Source of most content: Gunhee Cho

Classification of VS

Def. Given two vector spaces $V,W/F$,
(1) we call $\Phi:V\rightarrow W$ a linear transform (L.T.) if $\Phi$ is a function from $V$ to $W$ and preserves a linearity, i.e., $\forall a,b \in F,\forall v,w, \in V, \ \Phi (av+bw) = a\Phi(v)+b \Phi(w)$.
(2) If $\Phi^{-1}: W \rightarrow V$ is also a linear transform, i.e., $\Phi$ is bijective, then we call $\Phi$ vector space isomorphism.

Proposition

\[\text{Given two finite dimensional VSs } V,W/F, \ dimV=dimW \text{ iff } \exists \text{ VS isomorphism } \Phi:V\rightarrow W, \ V\stackrel{\Phi}{\cong}W\nonumber\]

Proof

1. $(\Leftarrow)$ Suppose there exists a VS isomorphism $\Phi:V \rightarrow W$. Take any basis $\beta=\{v_1, \cdots, v_n \}$ of $V$. Define $\gamma :=\{\Phi(v_1), \cdots, \Phi(v_n) \} \subseteq W$.
   • Let $a_1 \Phi(v_1) + \cdots + a_n \Phi(v_n) = 0 = \Phi(a_1 v_1 + \cdots + a_n v_n)$. Since $\Phi$ is injective, $\Phi(0)=\Phi(0\cdot 0) = 0\Phi(0)=0$ $\leadsto a_1 v_1 + \cdots a_n v_n =0 \Leftrightarrow a_1=a_2=\cdots=a_n=0$. So, $\gamma$ is linearly independent.
   • Take any $w \in W$, then $\exists v \in V$ s.t. $\Phi(v)=w$ since $\Phi$ is surjective.

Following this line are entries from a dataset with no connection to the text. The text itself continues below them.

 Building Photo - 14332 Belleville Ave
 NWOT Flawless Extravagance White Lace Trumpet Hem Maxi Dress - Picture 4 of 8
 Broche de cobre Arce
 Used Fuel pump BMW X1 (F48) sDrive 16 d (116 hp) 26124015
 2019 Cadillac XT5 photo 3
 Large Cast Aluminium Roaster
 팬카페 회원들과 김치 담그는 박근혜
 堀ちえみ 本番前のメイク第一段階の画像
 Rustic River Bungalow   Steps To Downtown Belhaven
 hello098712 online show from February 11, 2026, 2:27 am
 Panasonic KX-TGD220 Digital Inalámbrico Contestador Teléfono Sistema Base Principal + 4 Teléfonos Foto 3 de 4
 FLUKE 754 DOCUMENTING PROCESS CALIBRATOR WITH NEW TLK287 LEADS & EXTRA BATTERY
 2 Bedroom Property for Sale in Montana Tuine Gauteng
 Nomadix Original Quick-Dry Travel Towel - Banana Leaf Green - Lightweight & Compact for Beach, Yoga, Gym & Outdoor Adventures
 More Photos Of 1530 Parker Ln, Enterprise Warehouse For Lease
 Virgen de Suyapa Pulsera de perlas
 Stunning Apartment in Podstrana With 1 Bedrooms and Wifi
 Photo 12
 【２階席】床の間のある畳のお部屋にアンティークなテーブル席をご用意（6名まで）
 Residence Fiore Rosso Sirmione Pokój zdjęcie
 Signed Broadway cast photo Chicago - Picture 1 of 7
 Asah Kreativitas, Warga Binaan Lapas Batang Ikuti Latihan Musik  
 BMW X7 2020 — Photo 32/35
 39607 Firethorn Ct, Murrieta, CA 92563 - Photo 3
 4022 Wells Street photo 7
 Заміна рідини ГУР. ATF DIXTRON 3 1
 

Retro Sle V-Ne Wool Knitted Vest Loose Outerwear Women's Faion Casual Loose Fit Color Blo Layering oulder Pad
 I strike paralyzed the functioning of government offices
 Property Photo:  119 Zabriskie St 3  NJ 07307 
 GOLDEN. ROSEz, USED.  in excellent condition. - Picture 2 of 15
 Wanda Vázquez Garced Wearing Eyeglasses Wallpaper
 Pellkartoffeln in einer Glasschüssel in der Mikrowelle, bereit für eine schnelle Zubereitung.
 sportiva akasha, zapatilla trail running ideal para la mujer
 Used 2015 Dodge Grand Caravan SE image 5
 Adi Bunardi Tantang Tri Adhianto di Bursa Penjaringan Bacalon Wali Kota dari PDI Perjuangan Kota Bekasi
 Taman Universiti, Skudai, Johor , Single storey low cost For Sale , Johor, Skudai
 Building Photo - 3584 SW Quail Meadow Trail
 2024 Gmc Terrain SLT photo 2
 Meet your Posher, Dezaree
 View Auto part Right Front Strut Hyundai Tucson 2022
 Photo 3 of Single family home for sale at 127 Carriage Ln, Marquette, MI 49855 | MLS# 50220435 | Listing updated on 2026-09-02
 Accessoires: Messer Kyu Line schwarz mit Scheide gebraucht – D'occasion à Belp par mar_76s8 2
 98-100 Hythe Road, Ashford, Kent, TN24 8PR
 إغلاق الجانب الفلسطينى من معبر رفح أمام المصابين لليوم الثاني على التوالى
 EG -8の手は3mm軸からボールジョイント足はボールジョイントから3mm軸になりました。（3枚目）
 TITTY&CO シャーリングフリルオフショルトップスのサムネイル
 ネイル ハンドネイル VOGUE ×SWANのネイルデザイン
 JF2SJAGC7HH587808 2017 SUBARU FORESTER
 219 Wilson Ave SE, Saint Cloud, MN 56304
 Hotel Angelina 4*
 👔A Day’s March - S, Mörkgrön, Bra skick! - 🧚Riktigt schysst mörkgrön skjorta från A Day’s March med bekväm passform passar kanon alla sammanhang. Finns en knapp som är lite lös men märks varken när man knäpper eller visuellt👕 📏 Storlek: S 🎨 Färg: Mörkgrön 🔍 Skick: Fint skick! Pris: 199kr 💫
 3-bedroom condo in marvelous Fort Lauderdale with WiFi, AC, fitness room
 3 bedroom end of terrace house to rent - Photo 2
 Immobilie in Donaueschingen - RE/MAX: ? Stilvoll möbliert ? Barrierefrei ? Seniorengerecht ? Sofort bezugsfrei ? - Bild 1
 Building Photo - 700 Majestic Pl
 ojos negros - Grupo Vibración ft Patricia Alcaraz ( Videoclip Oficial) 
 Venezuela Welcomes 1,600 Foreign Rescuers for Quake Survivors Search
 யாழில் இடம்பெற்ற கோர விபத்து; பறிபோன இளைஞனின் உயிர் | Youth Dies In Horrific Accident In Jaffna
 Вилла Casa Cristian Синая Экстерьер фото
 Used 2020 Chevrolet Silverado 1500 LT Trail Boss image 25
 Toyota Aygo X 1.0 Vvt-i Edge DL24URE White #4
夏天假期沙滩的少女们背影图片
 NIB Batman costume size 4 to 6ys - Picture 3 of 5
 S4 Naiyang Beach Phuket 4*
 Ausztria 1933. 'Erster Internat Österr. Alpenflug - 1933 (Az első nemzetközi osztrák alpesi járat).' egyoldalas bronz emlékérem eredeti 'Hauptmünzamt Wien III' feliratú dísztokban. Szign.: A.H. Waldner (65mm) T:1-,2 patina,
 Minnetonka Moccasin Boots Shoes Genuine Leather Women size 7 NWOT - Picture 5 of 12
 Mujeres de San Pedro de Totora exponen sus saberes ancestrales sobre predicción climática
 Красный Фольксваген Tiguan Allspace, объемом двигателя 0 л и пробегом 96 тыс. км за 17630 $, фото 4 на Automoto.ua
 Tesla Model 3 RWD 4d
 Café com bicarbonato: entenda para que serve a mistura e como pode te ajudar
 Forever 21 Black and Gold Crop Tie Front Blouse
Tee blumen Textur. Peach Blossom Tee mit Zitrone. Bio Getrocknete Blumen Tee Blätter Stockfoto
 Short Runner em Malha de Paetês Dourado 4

Since $\beta$ is a basis, by Prop, $\exists! a_1, \cdots, a_n \in F$ s.t. $a_1 v_1 + \cdots + a_n v_n =v \leadsto w = \Phi(a_1v_1 + \cdots+ a_n v_n) \leadsto w = a_1 \Phi(v_1) + \cdots a_n \Phi(v_n)$, which implies that $ w \in span(\{\Phi(v_1), \cdots, \Phi(v_n) \})$.
     $\implies$ Therefore, $\gamma$ is a basis of $W$ and has same dimension by definition.
2. $(\Rightarrow)$ Suppose $dimV=dimW=n<\infty$. Take any basis $\beta=\{v_1, \cdots, v_n \}$ of $V$ and $\gamma=\{w_1, \cdots, w_n\}$ of $W$. Define $\varphi:V\rightarrow W \ (v:=a_1 v_1 + \cdots + a_n v_n \mapsto a_1 w_1 + \cdots + a_n w_n)$. Then, $\varphi$ is well-defined since if $v_1 = v_2 \rightarrow \varphi(v_1)=\varphi(v_2)$.
   • Let $\varphi(v) = a_1 w_1 + \cdots + a_n w_n = \varphi(v’) = b_1 w_1 + \cdots + b_n w_n$. Then, by Prop, $\forall i = 1, \cdots n, a_i = b_i$. Therefore, $v = v’$ which implies that $\varphi$ is injective.
   • Let $v=a_1 v_1 + \cdots+ a_n v_n \in $ <$\beta$>. By definition, $\varphi(a_1 v_1+\cdots+ a_n v_n)=a_1 w_1 + \cdots + a_n w_n$, which spans $W$ by definition of $\gamma$. Therefore, $\varphi$ is surjective.
   • Let $\forall u, u’ \in V$, then there exists a unique expression by a basis $\beta$, i.e., $u = a_1 v_1 + \cdots + a_n v_n,\ u’= b_1 v_1 + \cdots + b_n v_n$, where $\forall i=1, \cdots, n, \ a_i, b_i \in F$. Then, $\forall x,y \in F,\ \varphi(xu+yu’)=\varphi((xa_1+yb_1)v_1 + \cdots + (xa_n+yb_n)v_n)= (xa_1+yb_1)w_1 + \cdots + (xa_n+yb_n)w_n$$ = x\varphi(u)+y\varphi(u’)$. Therefore, $\Phi:V\rightarrow W$ is a linear transform.
     $\implies$ There exists a VS isomorphism $\varphi$.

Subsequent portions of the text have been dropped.